— Provided data —
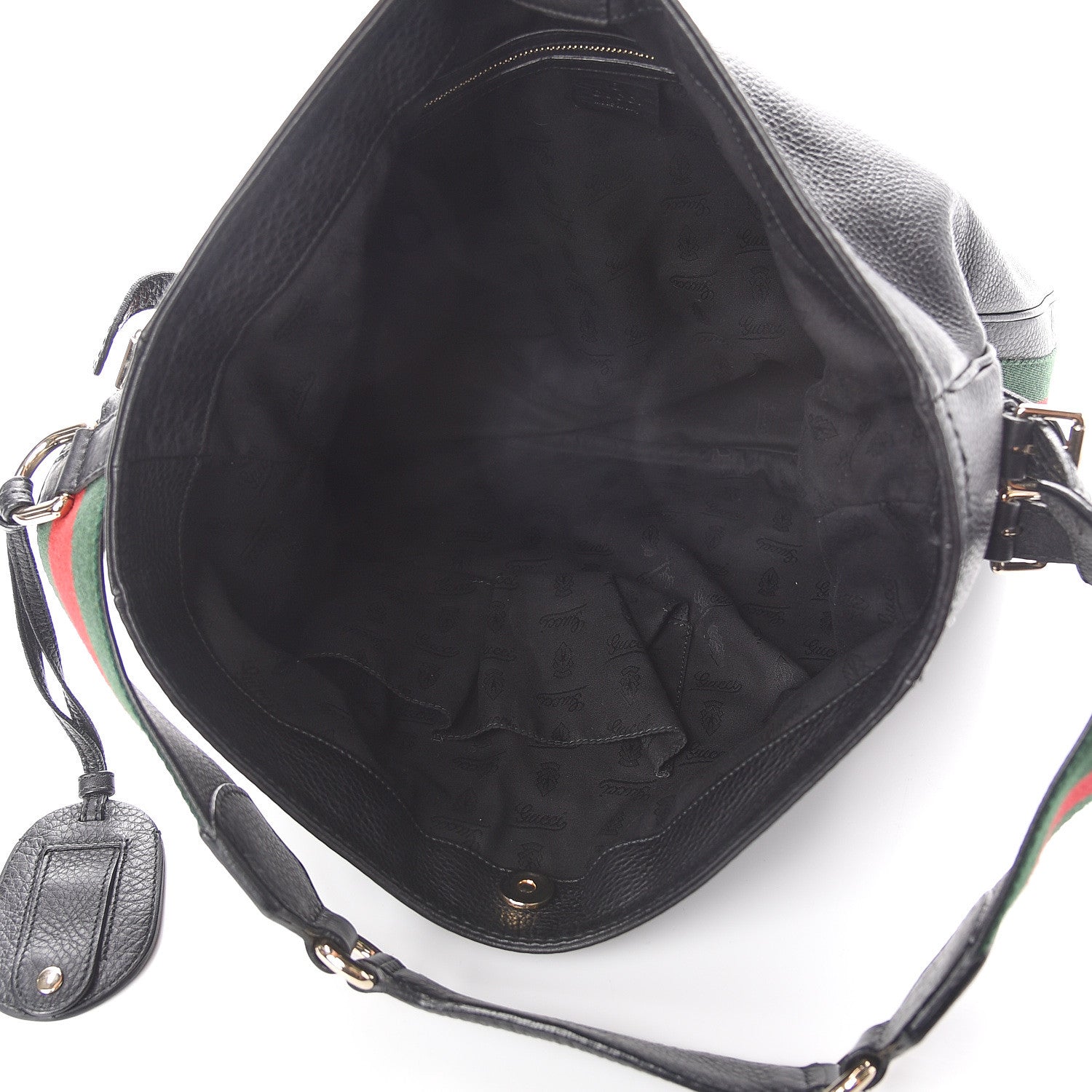 Gucci Pebbled Calfskin Medium Heritage Shoulder Bag Black 4 of 8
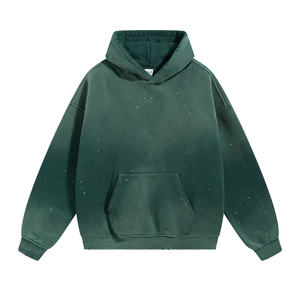 Sweat à capuche oversize en molleton de coton épais délavé effet vieilli pour homme – Style streetwear décontracté - Product Image 3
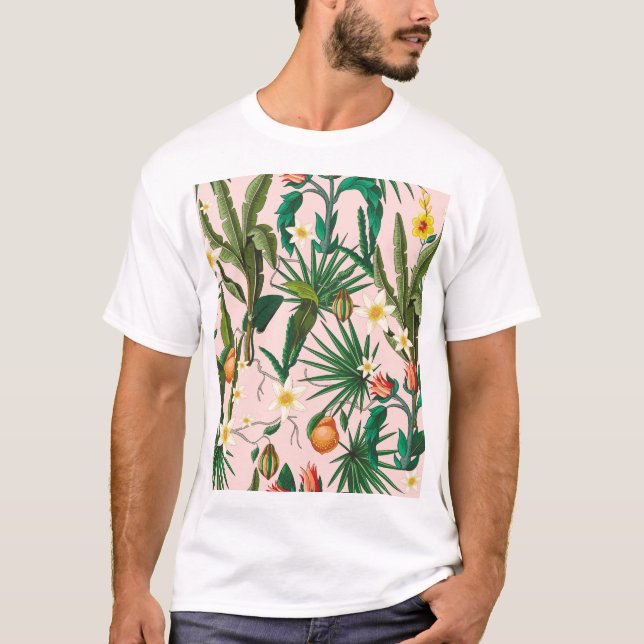 Tropisches Blatt, Blume, Fruchtmuster. T-Shirt (Vorderseite)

— What is expected —
After locating the line that holds "Sweat à capuche", output exactly the lines from it through the last line of the material above, inclusive, without pictures.

— Answer for this exercise —
 Sweat à capuche oversize en molleton de coton épais délavé effet vieilli pour homme – Style streetwear décontracté - Product Image 3
 Tropisches Blatt, Blume, Fruchtmuster. T-Shirt (Vorderseite)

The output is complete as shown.